Goldberg leaves music legacy for elementary kids

Posted on 07 August 2019 by admin

De Zavala Elementary School students practice the ukulele as part of In Tune.

By Nicole Hawkins
Two recent high school graduates are leaving behind a legacy of music education for elementary school students in Fort Worth.
Lily Goldberg, daughter of Kim and Bob Goldberg, executive director of the Jewish Federation of Fort Worth and Tarrant County, and fellow classmate, Thu Pham, started a program at R.L. Paschal High School called “In Tune,” with the goal of teaching Fort Worth elementary school students about music.
Goldberg said that Pham, who is attending Harvard University in the fall, initially came to her with the idea two years ago and the women immediately began fundraising, gathering instruments and recruiting fellow high school students to volunteer.
According to In Tune’s website, the mission statement of the program is to give children an opportunity to develop an appreciation for music, gain important skills that can be applied in the classroom and in life and have fun doing it.
The duo partnered with De Zavala Elementary School, teaching music lessons to students once a week because its music program had a lack of funding.
“Music has always been a really important part of my life,” Goldberg said. “I think having some sort of creative outlet is so important, especially for younger children, and we wanted to bring that to children who didn’t have that opportunity.”
During the two years of the program’s existence, high school volunteers helped De Zavala students put on a concert for their parents, playing the instruments they learned: guitar, piano or ukulele.
Goldberg, who has played violin since she was a child, taught herself to play the ukulele so that she could teach and lead students in song during the concert.

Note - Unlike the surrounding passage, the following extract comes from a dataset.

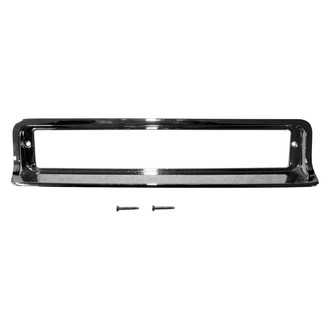 Goodmark® - Driver Side Replacement Side Marker Light Bezel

Adding a new instrument under her belt helped with her teaching, expanding opportunities for her students. One of them performed a ukulele solo during the last In Tune concert.
“His parents were so proud of him,” Goldberg said. “Having parents go up to you and being so thankful and telling you how their children wouldn’t have this opportunity without you is just so cool.”

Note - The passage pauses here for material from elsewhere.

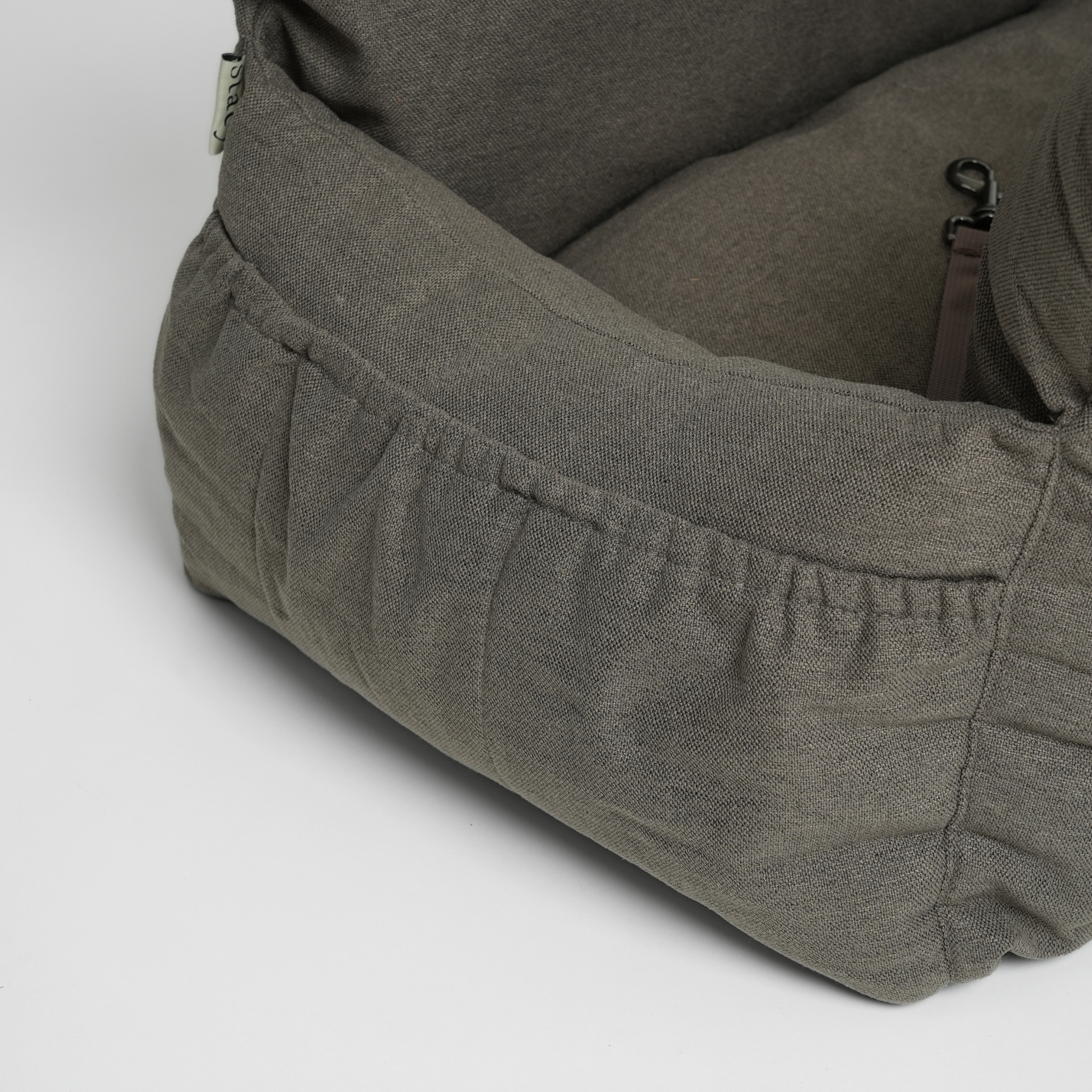 Silla de coche Lara XXL | topo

Goldberg, who will be attending Washington University in St. Louis in the fall, and Pham, hope the program will continue on when they leave Texas and are recruiting incoming seniors at Paschal to help.
In addition to founding and running In Tune, Goldberg and Pham were involved in many activities and clubs on campus including Key Club and National Honor Society.
“I think In Tune, for both of us, was our most special extracurricular program,” Goldberg said. “It’s what mattered the most to us.”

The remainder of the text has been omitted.